Shares of General Electric (NYSE:GE) fell 7% on Thursday, weighed down by the company's CEO warning that investors should expect negative free cash flow in 2020. The company was already facing a difficult future as the year began, and the COVID-19 pandemic is only adding to the challenges ahead.
General Electric entered 2020 in the early stages of a multiyear turnaround, seeking to reverse years of share-price declines due to market-topping acquisitions and the accumulation of a huge debt burden. The industrial conglomerate is selling off numerous divisions to raise cash and pay down its debt, but the pandemic is creating new headaches in areas that were supposed to be bright spots for GE.
The company's massive aviation unit, which entered the year on a high and was expected to fund a restructuring of its less-successful energy operations, has been hit hard by the pandemic, which has caused airlines to retrench.
GE CEO Larry Culp, speaking at an investor conference on Thursday, said the company is cutting about 25% of its aviation workforce. GE's separate airplane finance arm is getting requests from about 85% of its customers for at least short-term deferrals as they manage through the crisis.
It all adds up to less cash coming through the door. Culp said that he expects second-quarter free cash outflow to be between $3.5 billion and $4.5 billion, significantly worse than the consensus $2.5 billion cash burn estimate.
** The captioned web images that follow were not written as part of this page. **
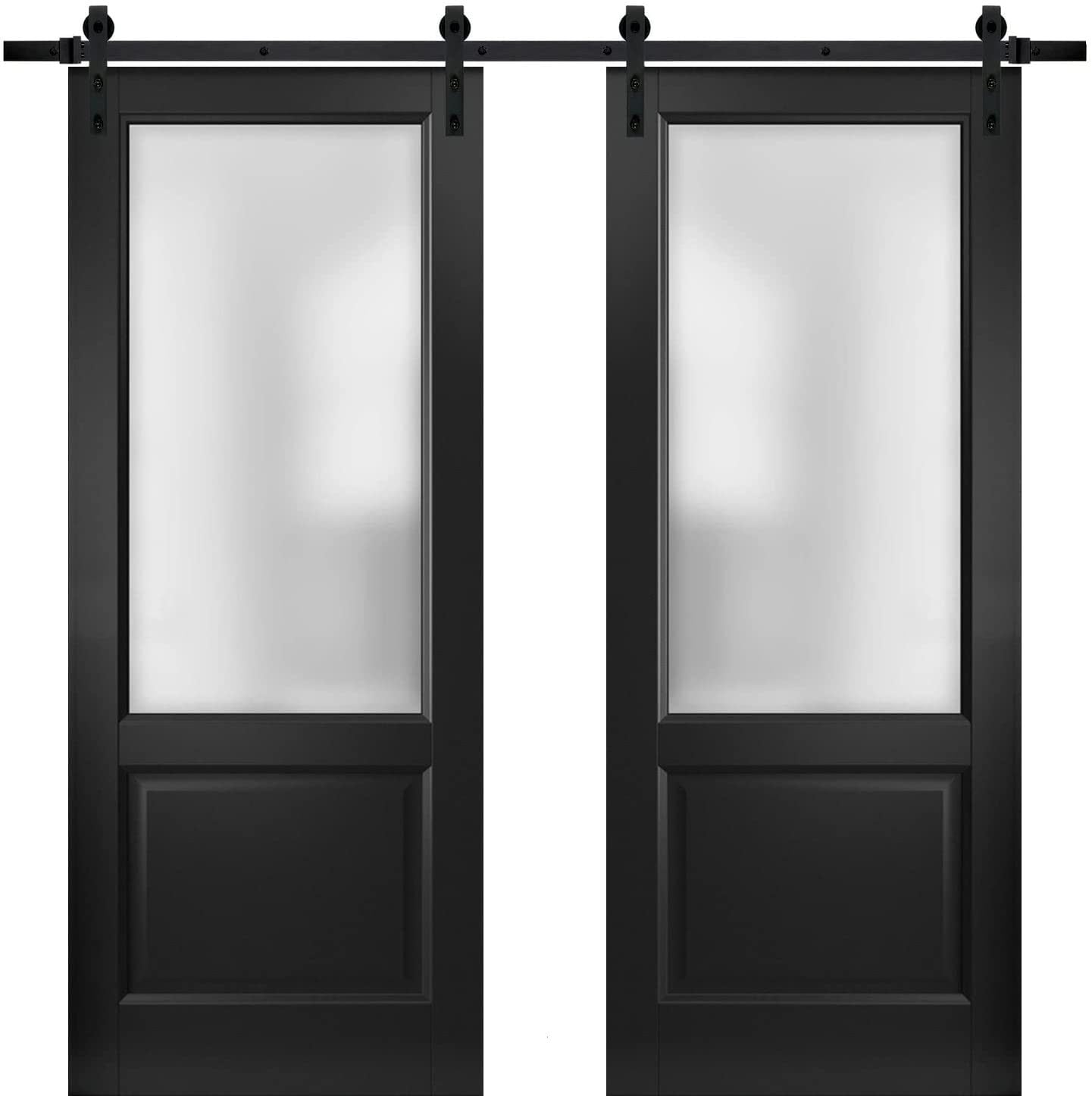 SARTODOORS LUCIA22DB-BLK-72 72-in x 80-in Matte Black Frosted Glass MDF Double Barn Door (Hardware Included)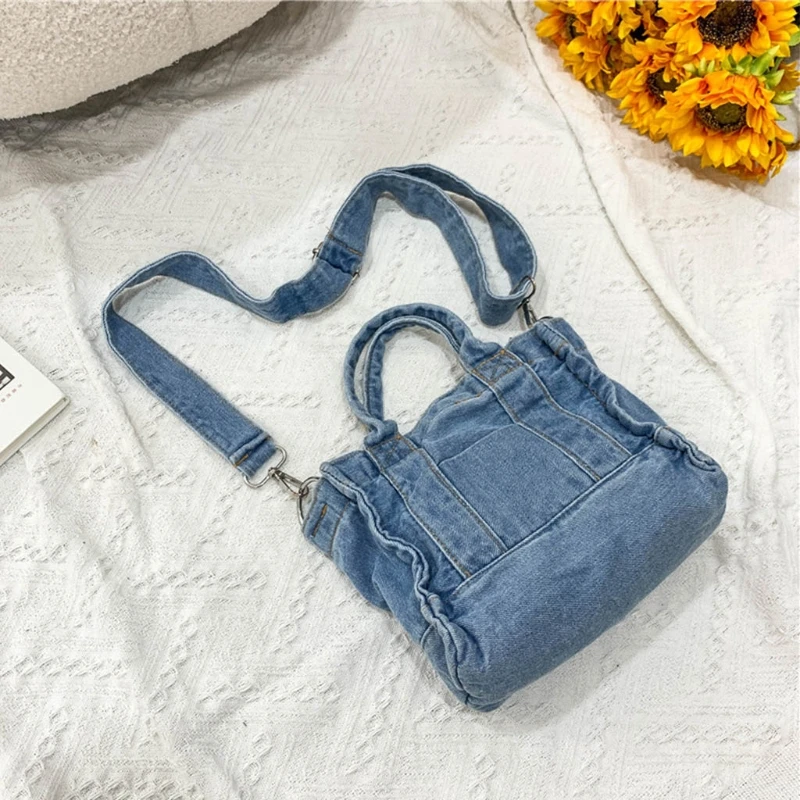 Bolso hombro tela vaquera con bolsillo multifunción, bolso hombro para mujer, comprador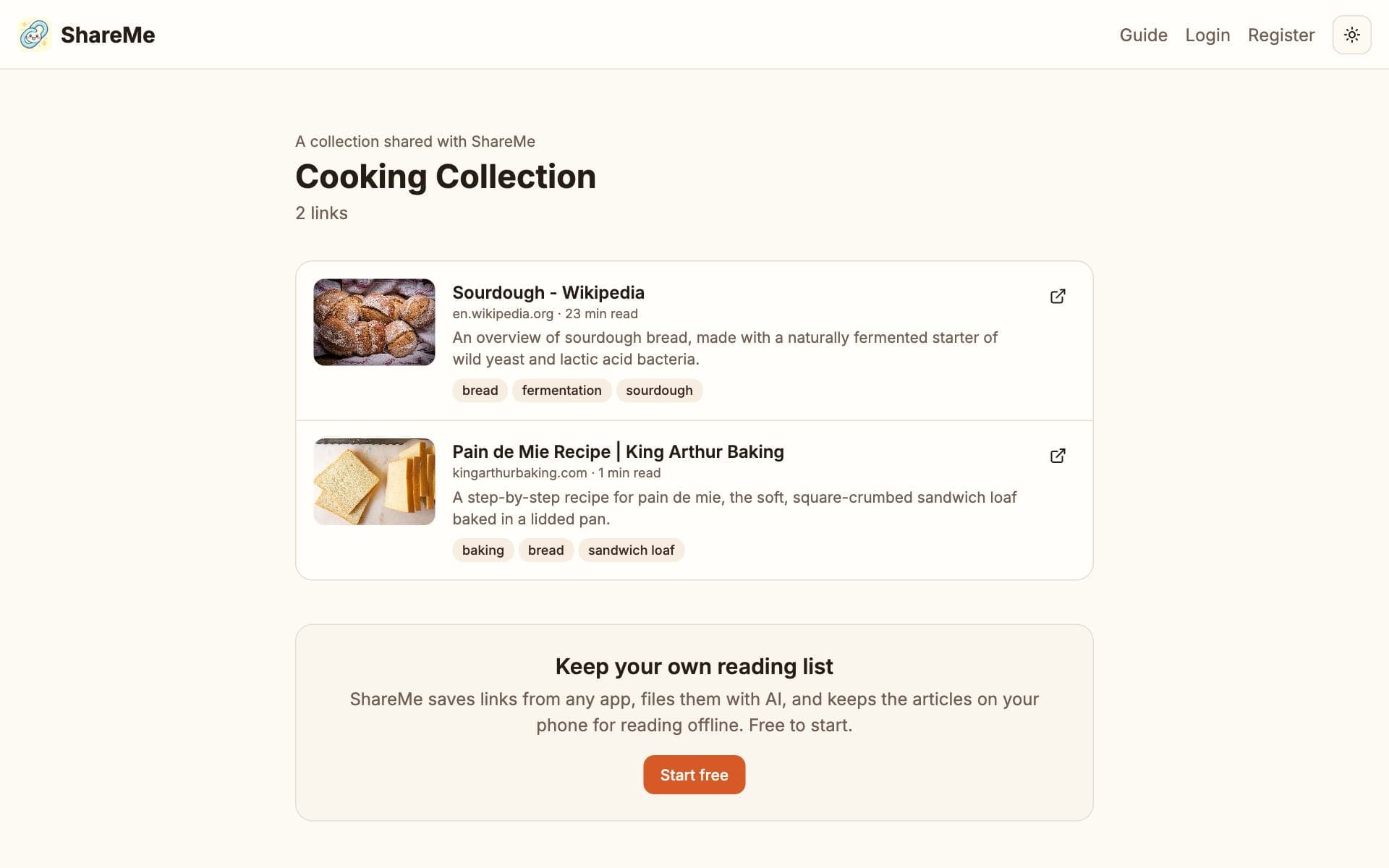 The public page of a shared collection: the collection name, a list of links with summaries and tags, and a Start free call to action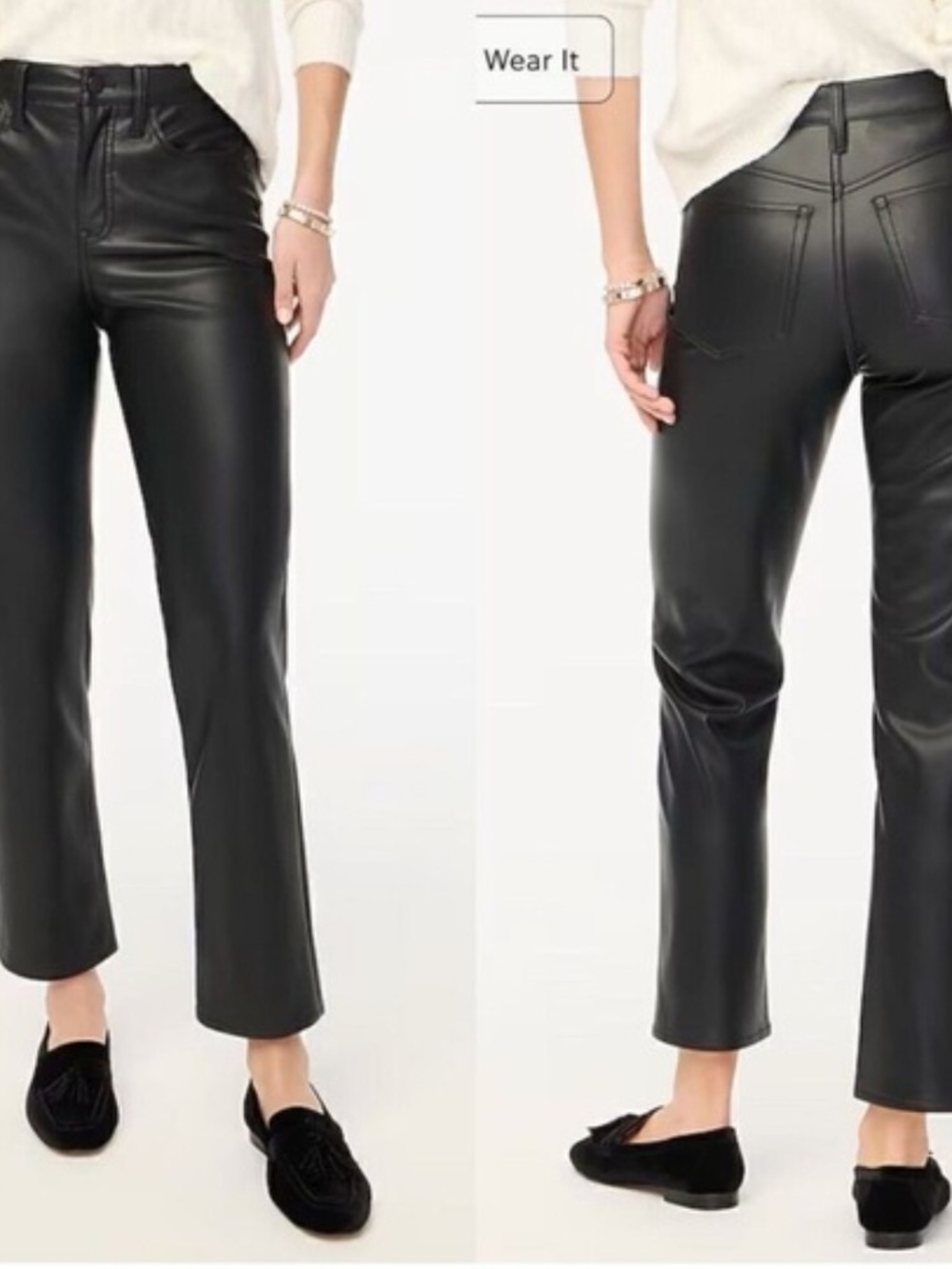 J. Crew Black Faux Leather Cropped Straight-Leg Pants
And full-year 2020 free cash flow is now also likely to be negative.
Coming into 2020, aviation looked like one of the rare bright spots in GE's portfolio. Now, it's hard to find any reason to get excited about the company in the near term.
Culp is the right person to manage a turnaround, and at current prices, GE shares are as affordable as they have been in decades. But before investors buy in, they should be warned the turnaround is likely to take years at best. In the meantime, it's hard to see what the catalyst might be to get GE shares soaring higher.